+++ Input records

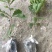 槲树苗槲栎头树苗绿色观叶花卉盆景荒山庭院种植带土发货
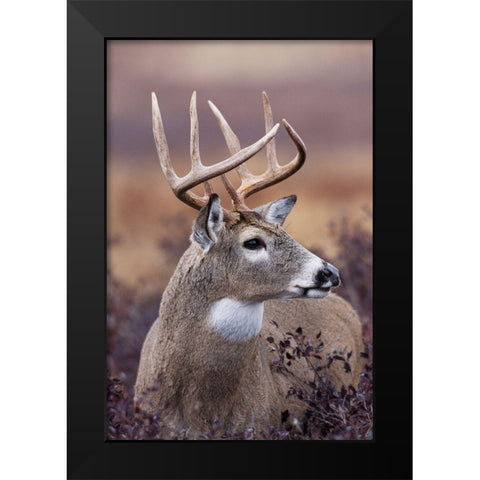 White-tailed Deer Buck Black Modern Wood Framed Art Print by Archer, Ken
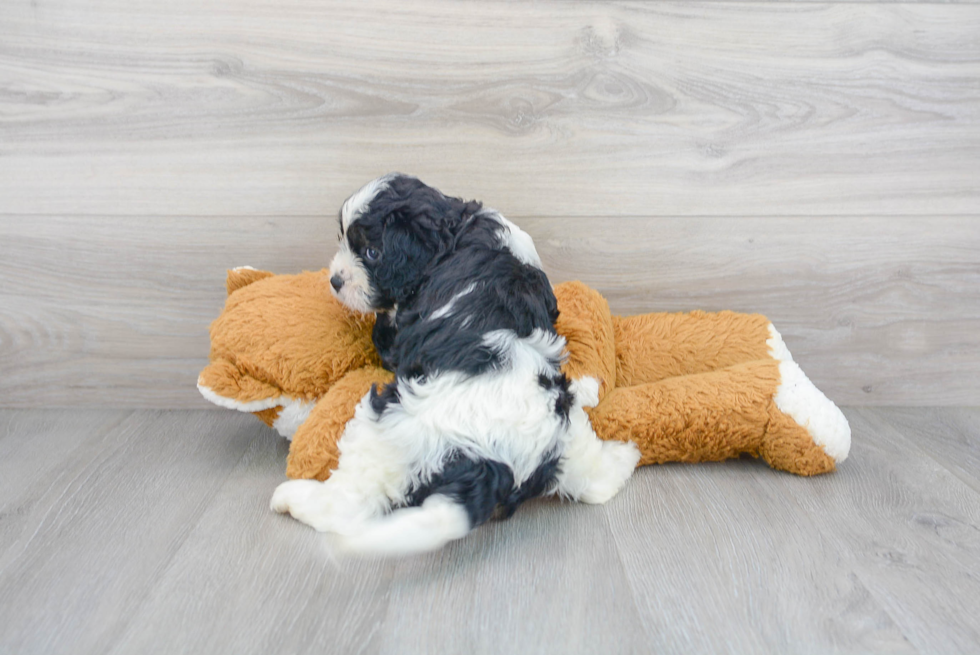 Hypoallergenic Cavoodle Poodle Mix Puppy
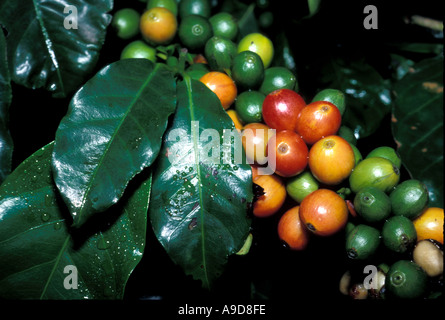 Impianto caffè Costa Rica America Centrale Foto Stock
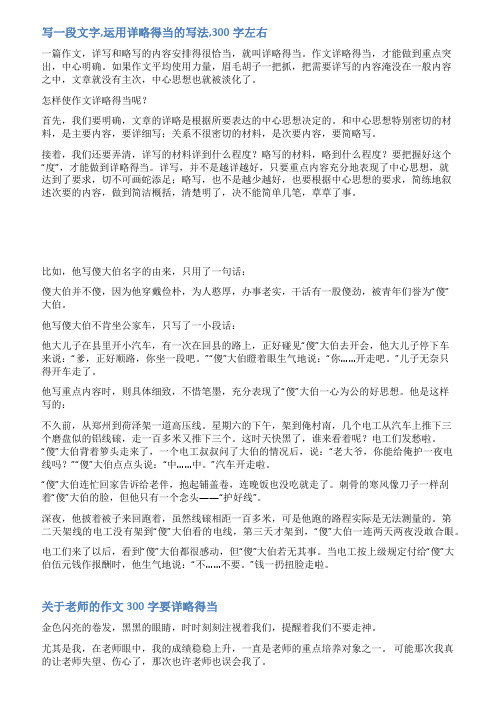 详略得当的范文300字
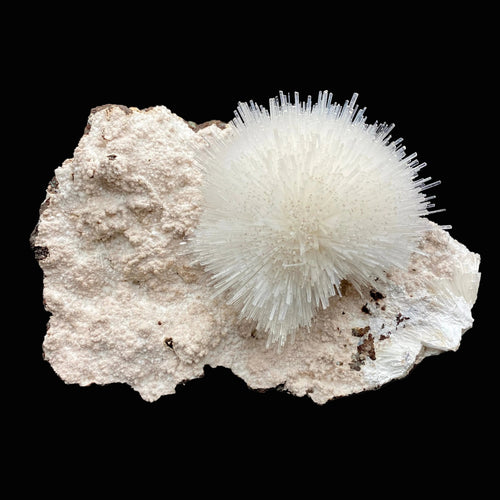 Rare White Mesolite on Mordenite – Porcupine Spray Zeolite Specimen from India # DK190
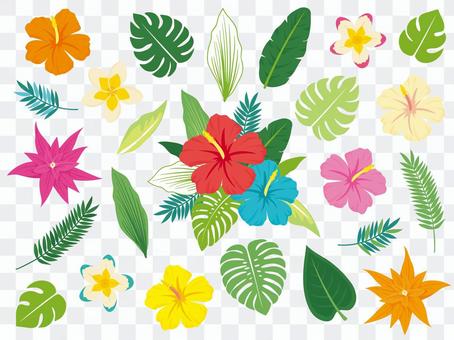 Tropical plant decoration set Tropical plant decoration set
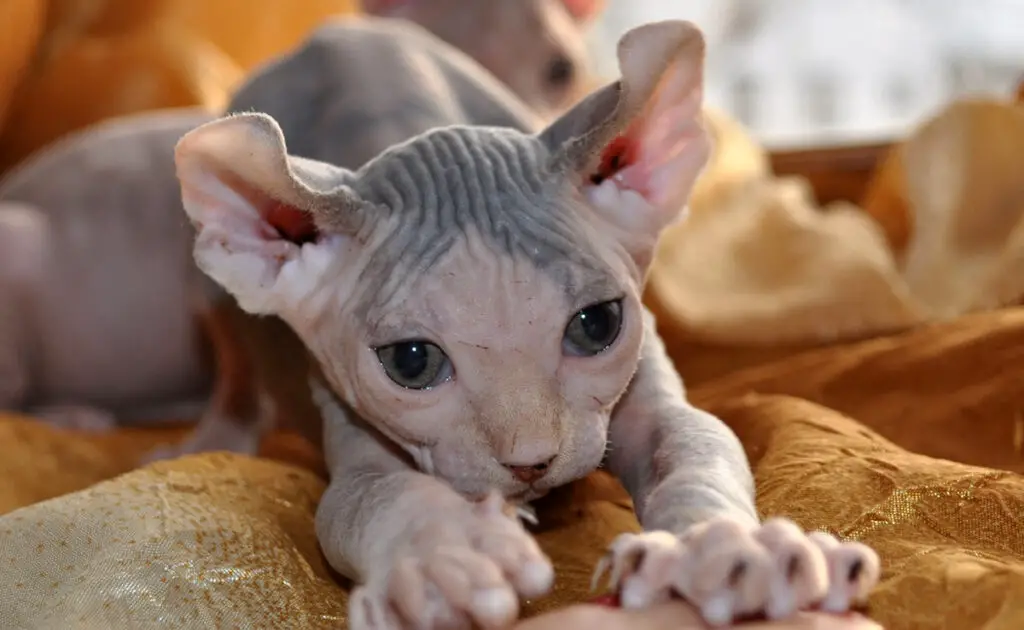 Elfkat: karakter, opleiding, gezondheid, prijs | Kattenras 1 elf cat 063109 1200 738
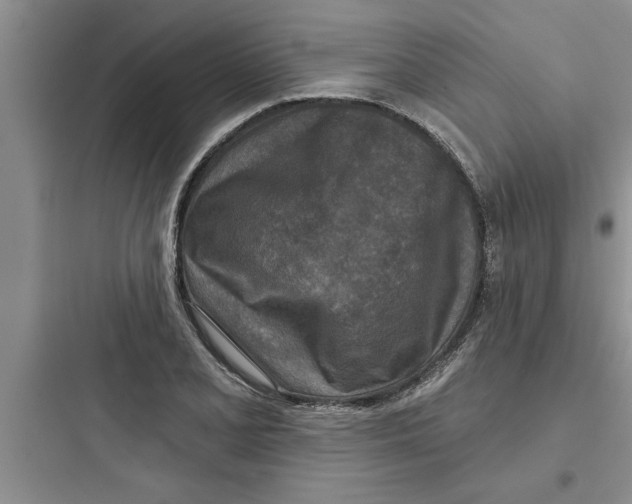 X0000097611077200803211717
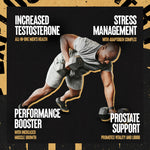 Animal TNT+
Boost Male Health, Performance, and Stamina
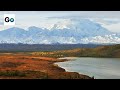 Denali National Park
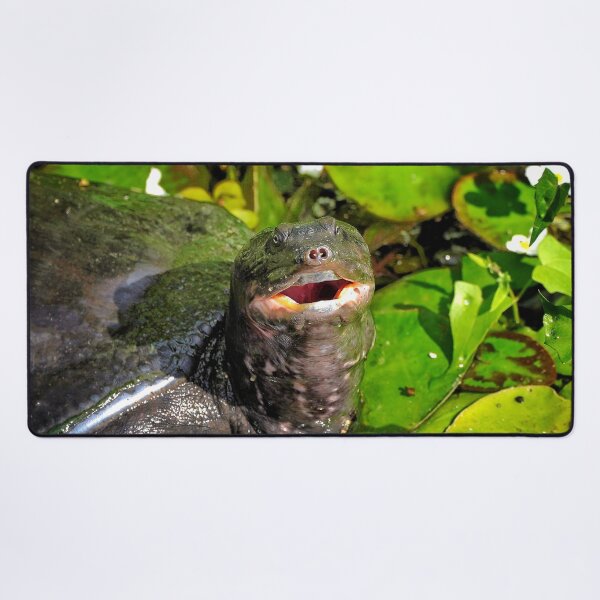 Item preview, Turtle Face designed and sold by Dead-Moroz.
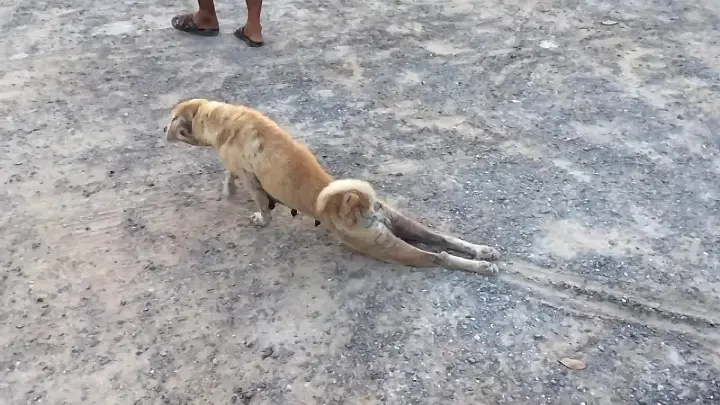 image - изображение на LocalQQ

++++++

Your assignment –
Set down, exactly as written, each line from the one that contains "Elfkat: karakter, opleiding, gezondheid, prijs" to the last line of the records, but none of the pictures.

Exercise output –
 Elfkat: karakter, opleiding, gezondheid, prijs | Kattenras 1 elf cat 063109 1200 738
 X0000097611077200803211717
 Animal TNT+
Boost Male Health, Performance, and Stamina
 Denali National Park
 Item preview, Turtle Face designed and sold by Dead-Moroz.
 image - изображение на LocalQQ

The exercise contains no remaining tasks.